The Kanto region was the heart of feudal Japan's power during the Kamakura Period (1185-1333), partly thanks to the resident Hojo clan who helped the Minamoto clan establish a shogunate over the rest of Japan and later seized control of the shogunate with some slick backroom politics. It was divided into eight provinces: Shimotsuke, Hitachi, Kozuke, Musashi, Kazusa, Shimosa, Awa, and Sagami. In the Sengoku Jidai, an unrelated line of daimyo took the Hojo name and seized power in the region, ruling from Odawara. Kanto became the seat of shogunate power again during the Edo Period (1603-1867), remaining so after the Meiji Restoration with the Emperor physically moving from Kyoto to the now-renamed Tokyo. Tokyo and Yokohama were major industrial centers that attracted large numbers of migrants, even with the Great Kanto Earthquake of 1923 resulting in over 100,000 dead.

With about 1/3 of Japan's entire population (and Tokyo's metropolitan area still growing in a country whose national population is starting to decline), as well as the modern center of the nation's politics, business, and culture, this will most certainly remain the most prominent region of Japan for the foreseeable future.

8. Ibaraki (茨城)
Capital: Mito (水戸)
Population: 2,957,706 (11th)

Historically known as Hitachi Province. Yes, as in the Hitachi company that might have made your TV or air conditioner - the company was founded in the namesake town located in the prefecture in 1910.

9. Tochigi (栃木)
Capital: Utsunomiya (宇都宮)
Population: 2,000,010 (19th)

10. Gunma (群馬)
Capital: Maebashi (前橋)
Population: 2,000,514 (18th)

11. Saitama (埼玉)
Capital: Saitama (さいたま)
Population: 7,207,139 (5th)

If Tokyo is New York, Saitama is New Jersey minus the petrochemical refineries (they're more to the south and east in Chiba and Kanagawa).

12. Chiba (千葉)
Capital: Chiba
Population: 6,214,148 (6th)

13. Tokyo (東京)
Capital: Shinjuku (新宿)
Population: 13,195,974 (1st)

See the Useful Notes page for more detail about the 23 special wards you're probably looking for.

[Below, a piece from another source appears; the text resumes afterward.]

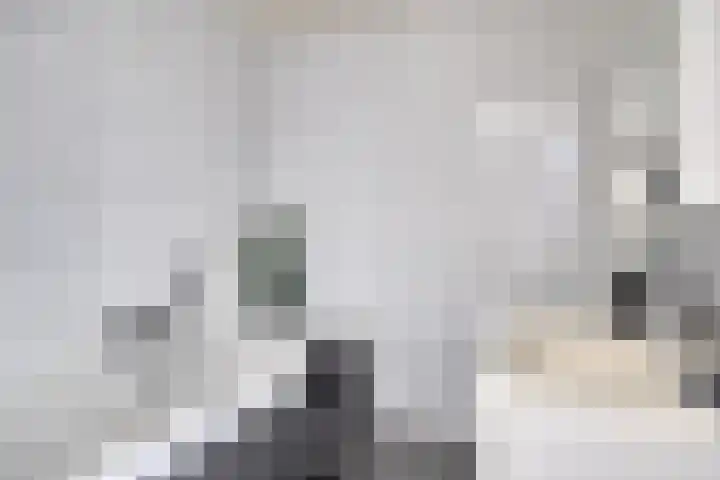 Kapelse Wiel 5 Lith thumbnail 19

Note however, that Tokyo is not just the 23 special wards; there're the oft-forgotten Tama Area to the west, which is much larger but is largely rural (yes, Tokyo does have farms) or semi-urban and serve as bedroom communities, and the Izu and Ogasawara Islands that stretch far south into the Pacific Ocean, the latter of which includes Iwo-to (misread as Iwo Jima), where the famous photograph of six US Marines raising the American flag took place. Compare the situation between New York City and New York State.

14. Kanagawa (神奈川)
Capital: Yokohama (横浜)
Population: 9,058,094 (2nd)

Although long ago absorbed into the Tokyo metropolitan region, Yokohama remains a separately incorporated city (a category which technically excludes Tokyo) and thus is classified as the second-largest city and the largest proper city in Japan. During the Sengoku Jidai, the city of Odawara to the southwest of Yokohama was the seat of the Hojo clan, until it was overtaken by Toyotomi Hideyoshi in 1590. The Port of Yokohama was established in 1859 after Commodore Matthew Perry forced Japan to allow foreign trade; it eventually overtook Kobe to become the busiest port in Japan and one of the busiest ports in the world.

    Chūbu (中部) 

"Chubu" literally translates to "The Central Portion". This is a fairly diverse group of prefectures encompassing the general area between the Kanto and Kansai regions. It's often subdivided into three subregions:

Hokuriku (北陸地)

These four prefectures lie on the coast of the Sea of Japan. During the shogun period, seven provinces existed in their place: Noto, Etchu, Kaga, Echizen, Wakasa, Echigo, and Sado provinces. During the winter air from Siberia picks up moisture traveling across the Sea of Japan before it is forced upward by the Japanese Alps and causing it to dump its precipitation, making this area among the snowiest places on Earth.

15. Niigata (新潟)
Capital: Niigata
Population: 2,362,158 (14th)

Its most famous historical figure is most likely Uesugi Kenshin, whose base of power was here. Niigata also includes Sado Island off its western coast, which formerly formed its own province and used to banish people who have committed so great an infamy but not enough to be given a death penalty.

16. Toyama (富山)
Capital: Toyama
Population: 1,087,745 (37th)

Formerly known as Etchu province, its mountain villages were mainly specialized in silk production — the remains of which can still be seen in the UNESCO World Heritage village of Gokayama, — while the coastal areas specialized in fishing. Nowadays it's more known for energy production, being the site of the tallest and most picturesque hydro power station in Japan — the Kurobe dam on the eponymous river, and for P. A. Works, which is headquartered in the city of Nanto. Tateyama-Kurobe Alpine Route is a picturesque road that goes through the deepest nooks of Japanese Alps, which are said to be the snowiest place on the Earth: a particular attraction is a cut in the snowdrifts over the road, which is made every spring — the walls of compessed snow sometimes reach the height of 15 meters.

17. Ishikawa (石川)
Capital: Kanazawa (金沢)
Population: 1,166,309 (34th)

18. Fukui (福井)
Capital: Fukui
Population: 802,906 (43rd)

Kōshin'etsu (甲信)

This region encompasses the most mountainous parts of the Japanese Alps, and most of its population is concentrated in basins scattered throughout. Historically the area was known for its silk production; nowadays more of its population is involve in light manufacturing. Provinces that once existed in the area include Kai and Shinano.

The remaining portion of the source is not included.